- Work order:
Write out the listing below exactly, and omit any images you find in it.

- Material provided:
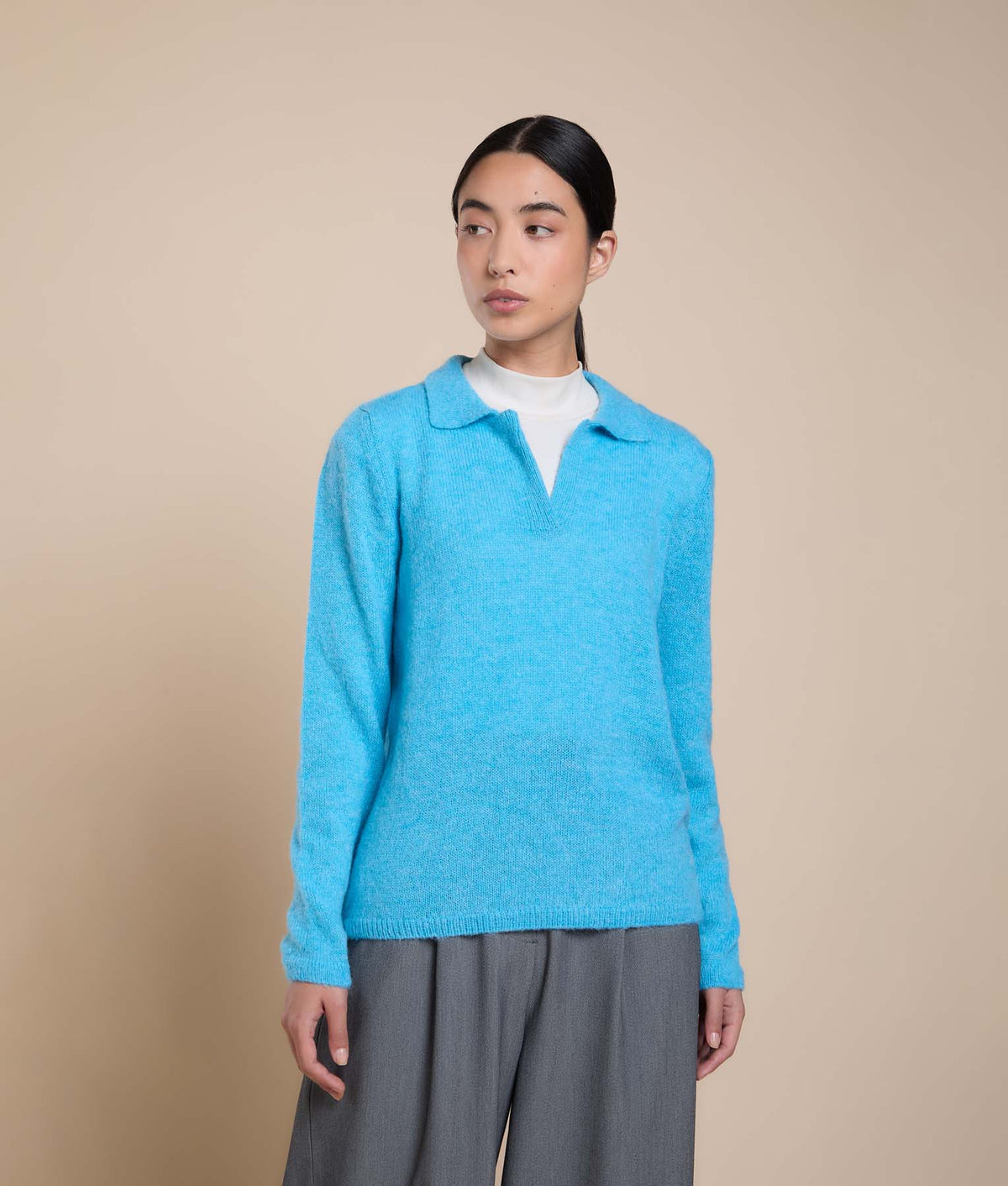 High-Neck Jersey Sweater
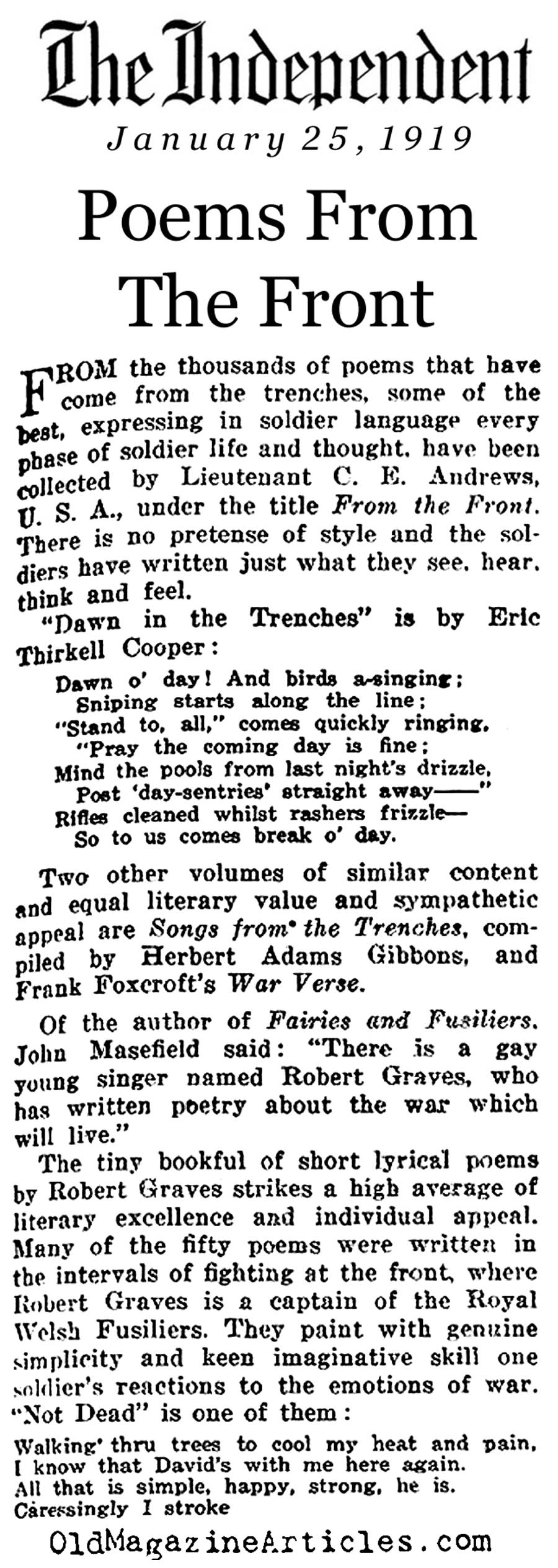 Three Collections of War Poetry Reviewed (The Independent, 1919)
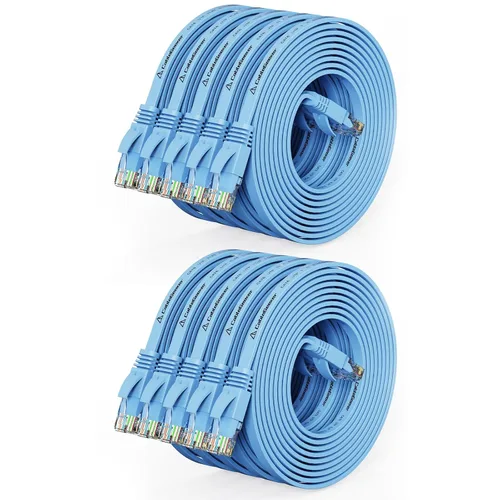 Vista 20 de Cable Ethernet Cat 6 de 1 pie (paquete de 10) (a un precio Cat5e pero mayor ancho de banda) Cables de red planos de Internet - Cable de conexión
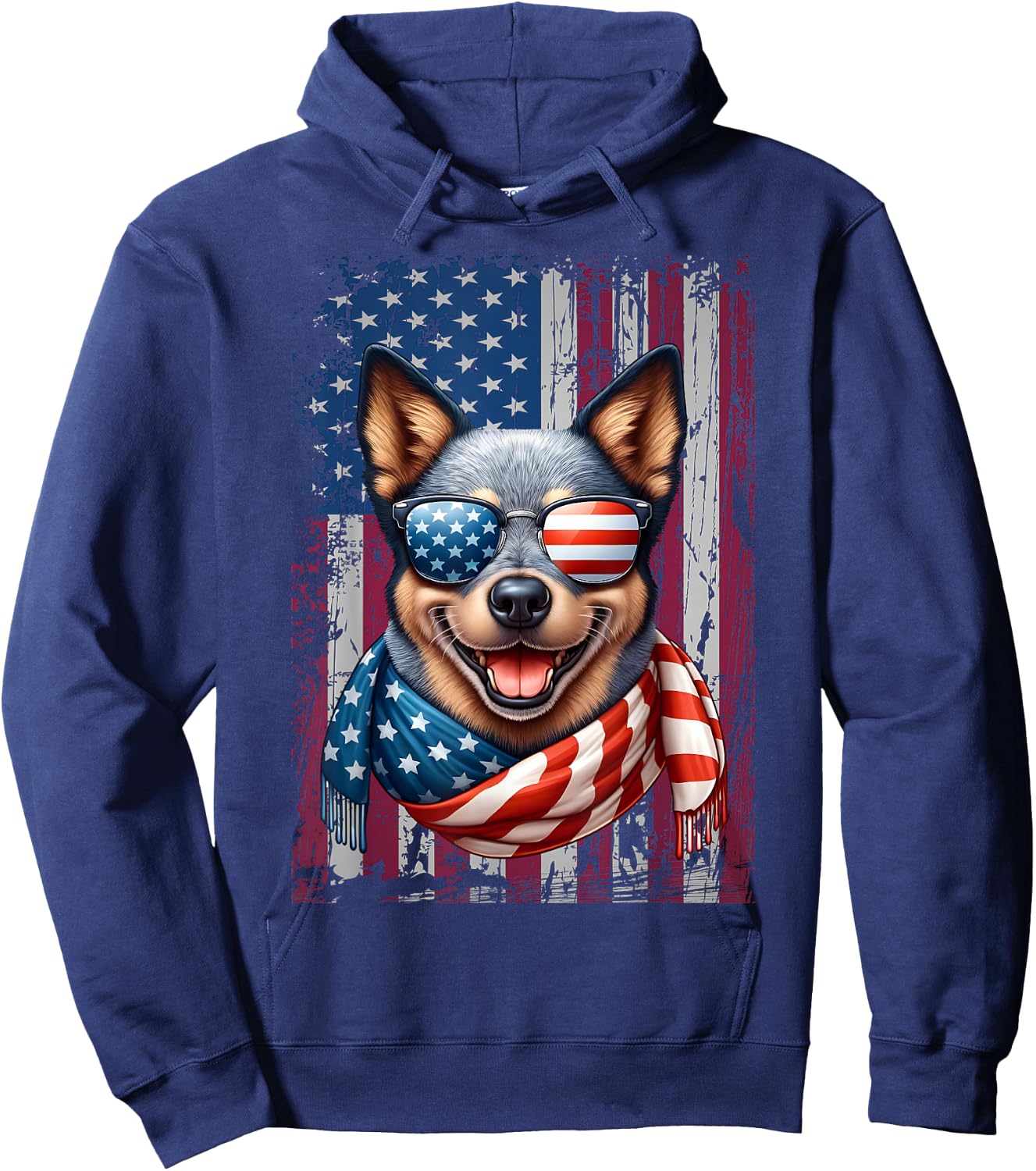 Australian Cattle Dog Lover US Flag 4th Of July Patriotic Hoodie - Hoodie | Navy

- Result of this task:
 High-Neck Jersey Sweater
 Three Collections of War Poetry Reviewed (The Independent, 1919)
 Vista 20 de Cable Ethernet Cat 6 de 1 pie (paquete de 10) (a un precio Cat5e pero mayor ancho de banda) Cables de red planos de Internet - Cable de conexión
 Australian Cattle Dog Lover US Flag 4th Of July Patriotic Hoodie - Hoodie | Navy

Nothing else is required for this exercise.